# Black Farmers Were Intentionally Sold Fake Seeds In Memphis, Lawsuit Says



## Leeda.the.Paladin (Jul 12, 2018)

MEMPHIS, TN (WMC) - Mid-South farmers filed a lawsuit against a company that they said sold them fake soybean seeds at a convention. 

A group of African-American farmers from Louisiana and the Mid-South, say that Stine Seed Company purposefully switched seeds in order to sell black farmers a subpar product at the Mid-South Farm & Gin Show in March 2017.

Despite above average rainfall, experienced black farmers saw limited soybean yield from the Stine seeds during the 2017 harvest.

"Mother nature doesn't discriminate," President of Black Farmers and Agriculturalists Association Thomas Burrell said. "It doesn't rain on white farms but not black farms. Insects don't [only] attack black farmers' land...why is it then that white farmers are buying Stine seed and their yield is 60, 70, 80, and 100 bushels of soybeans and black farmers who are using the exact same equipment with the exact same land, all of a sudden, your seeds are coming up 5, 6, and 7 bushels?"

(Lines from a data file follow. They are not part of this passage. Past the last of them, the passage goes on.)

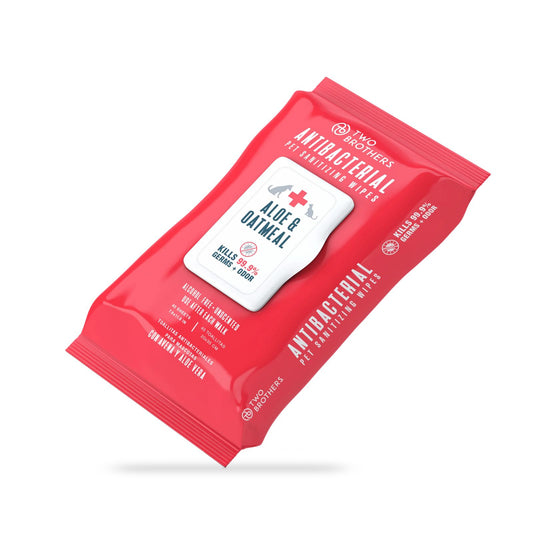 Toallitas Antibacteriales Two Brothers Aloe & Avena – 40 Unidades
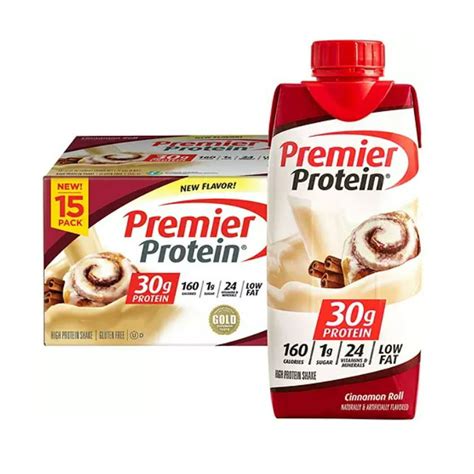 Premier Protein 30g High Protein Shake Cinnamon Roll 11 Fl Oz 15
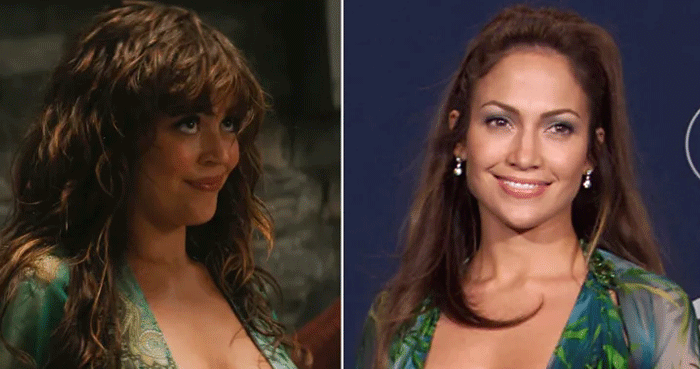 Jennifer Lopez reacts to ‘Off Campus’ viral jungle dress tribute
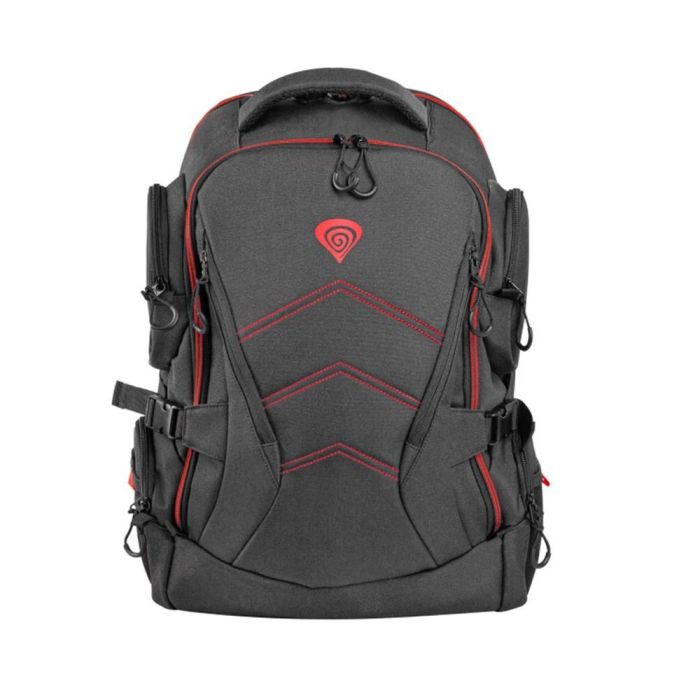 GENESIS Pallad 550 Mochila Gaming para Portátiles 17.3 pulgadas, Negro Rojo, Resistente al Agua y Golpes, con Múltiples Compartimentos GENESIS Pallad 550 Mochila Gaming para Portátiles 17.3 pulgadas, Negro Rojo, Resistente al Agua y Golpes, con Múltiples Compartimentos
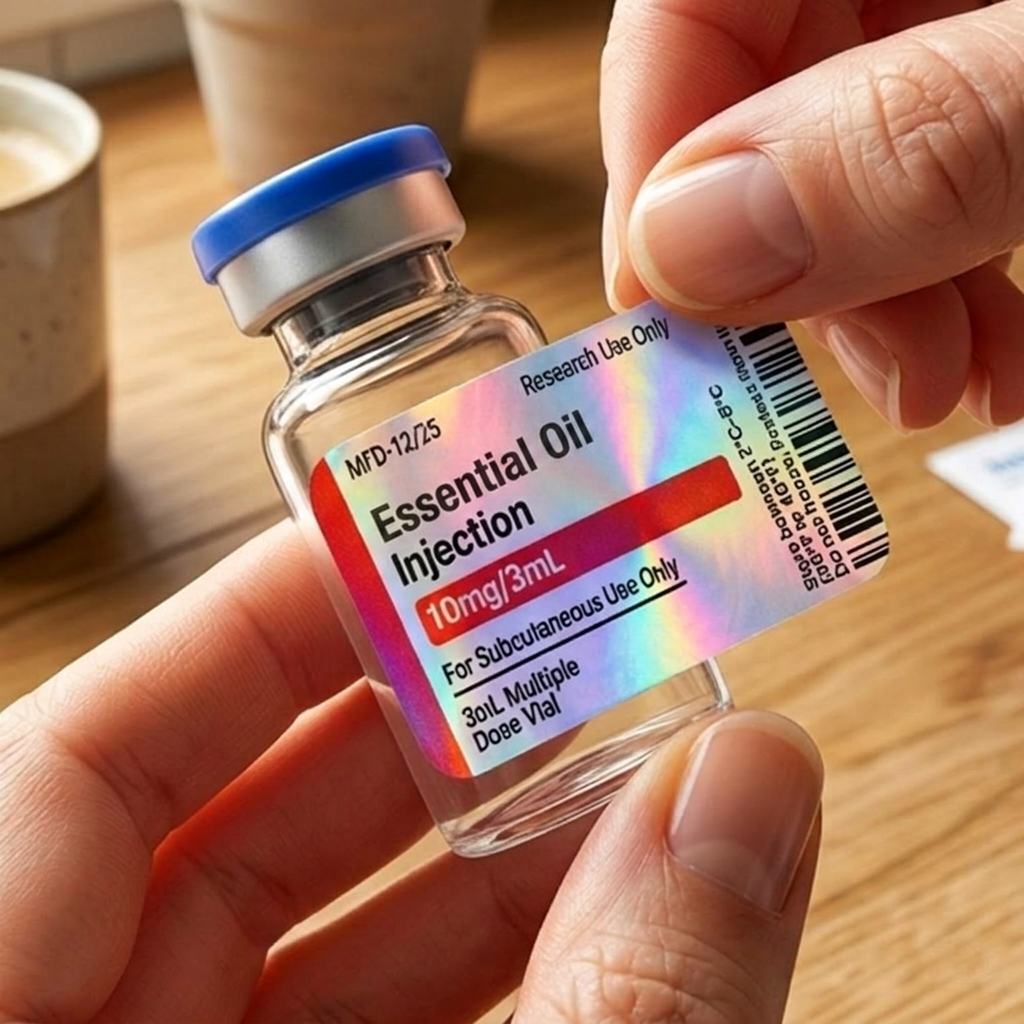 Personalized Holographic Multicolor Drug Bottle Label with Text Medication Organization Daily Use Birthday Gift for Diabetes Patients Caregivers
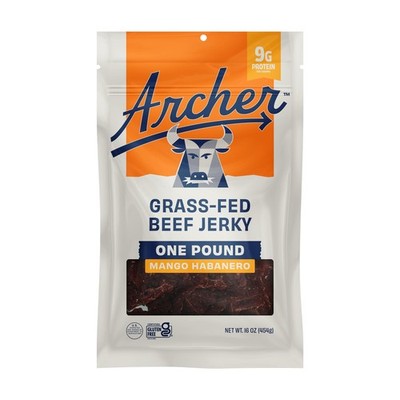 Archer Jerky Grass-Fed Beef Jerky - Beef Snack Pack, Individual Bulk Protein ...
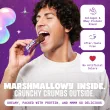 Built Bar Puff Protein Bar Dreamwich Cookie Butter 6-pack, 44g each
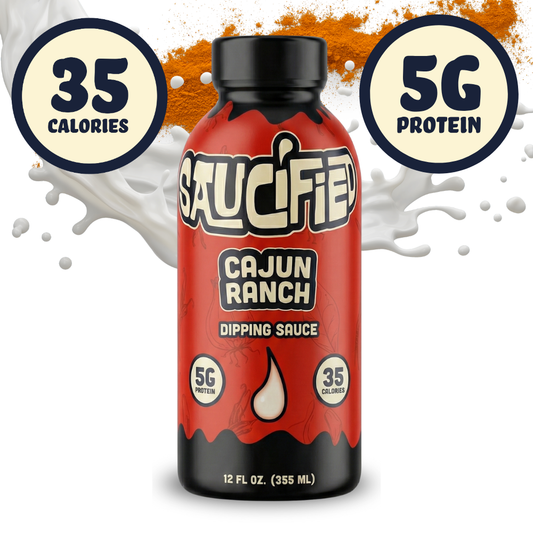 Cajun Ranch Protein Dressing and Dipping Sauce bottle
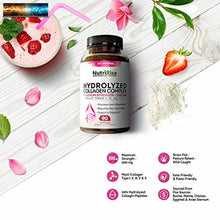 Carica l&#39;immagine nel visualizzatore di Gallery, Multi Collagen Peptides Capsules (Types I, II, III, V, X). Extra-Strength Hydrol
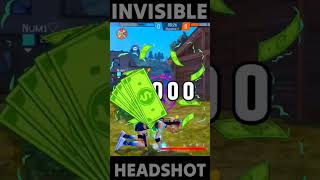 FREE FIRE INVISIBLE HEADSHOT 😲 #shortsfeed #shorts #shortvideo #shortsviral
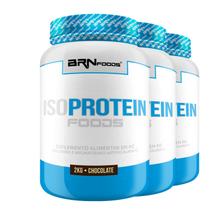 Kit 3x Iso Protein Foods 2kg BRNFOODS
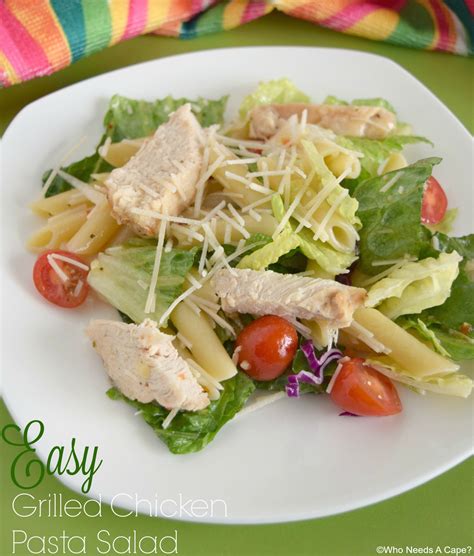 How many protein are in grilled chicken pasta salad - calories, carbs, nutrition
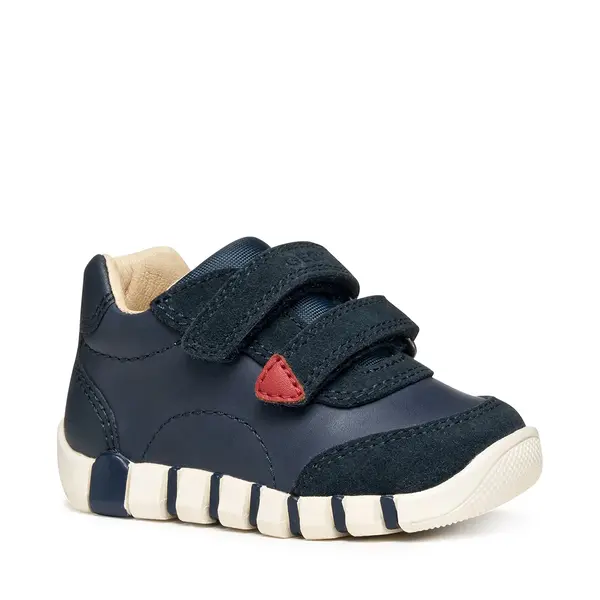 Pantofi Geox baieti, piele naturala,  brant antibacterian, Geox Respira, Iupidoo, bleumarin_B5655B-0CL22-C0735-20_Pebebe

After losing millions of dollars, the farmers took the seeds to experts at Mississippi State University to have them tested. They say the tests show the seeds sold to the black farmers were not certified Stine seeds.

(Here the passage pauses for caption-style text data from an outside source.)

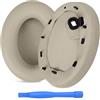 MMOBIEL Cuscinetti Auricolari di Ricambio per Sony WH-1000XM4 Noise Cancelling Cuffie di MMOBIEL - Memory Foam e Protein PU Cuscinetti - Padiglioni Cuffie - Argento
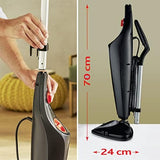 Vileda Steam PLUS + Recambio Power Pad, Mopa a vapor para una limpieza más higiénica, elimina el 99,9% de bacterias, óptima para alfombras y moquetas, apto par todo tipo de suelos
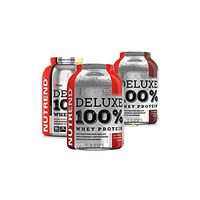 Whey Protein Powder Deluxe 100% by Nutrend Flavor Lemon Cheesecake 2250g Amino Acid (BCAA) Quickly digestible WPC Isolate WPI CFM contribute to Muscle Growth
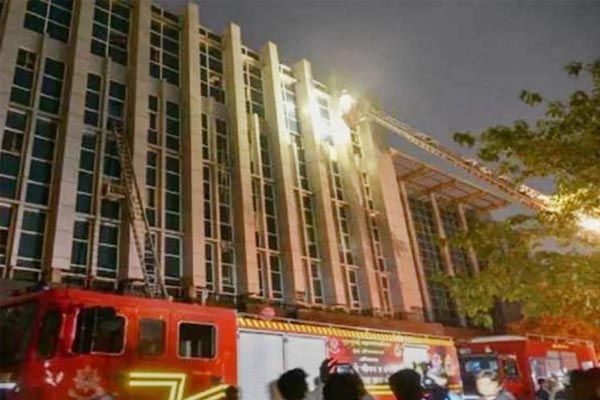 Fire in Ahmedabad's COVID hospital eight patients died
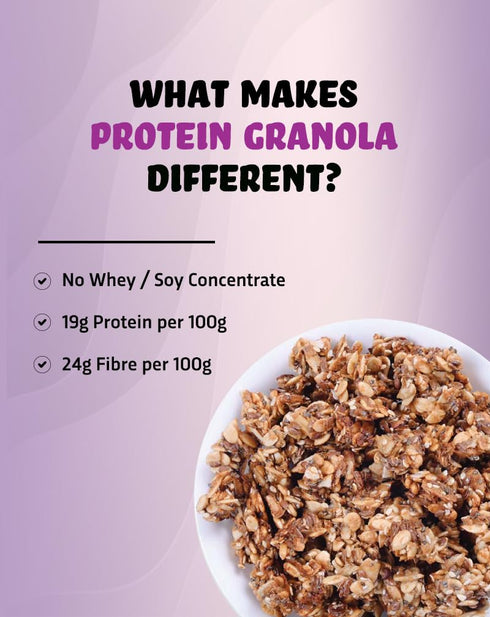 900g 7g True Elements Protein Granola - Certified Gluten Free Granola Loaded with Seeds & Nuts | Sugar Free Granola |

The black farmers said the distributor working for Stine Seed Company used labeled certified seed backs--tampering with factory sewn seals, in order to remove the certified seeds. The distributor would then sell the fake certified seeds to black farmers at a high price.

The farmers bought more than $100,000 in soybean seeds from the distributor, plus an additional $100,000 purchase in chemicals.

As for a motive, Burrell said farming is a very competitive industry and unscrupulous people see black farmers as easy prey. He said by hurting those farmers' bottom line, someone else would be able to swoop in and buy up the land that belongs to black farmers.

"All we have to do is look at here: 80 years ago you had a million black farmers, today you have less than 5,000. These individuals didn't buy 16 million acres of land, just to let is lay idle. The sons and daughters, the heirs of black farmers want to farm, just like the sons and daughters of white farmers. So we have to acknowledge that racism is the motivation here."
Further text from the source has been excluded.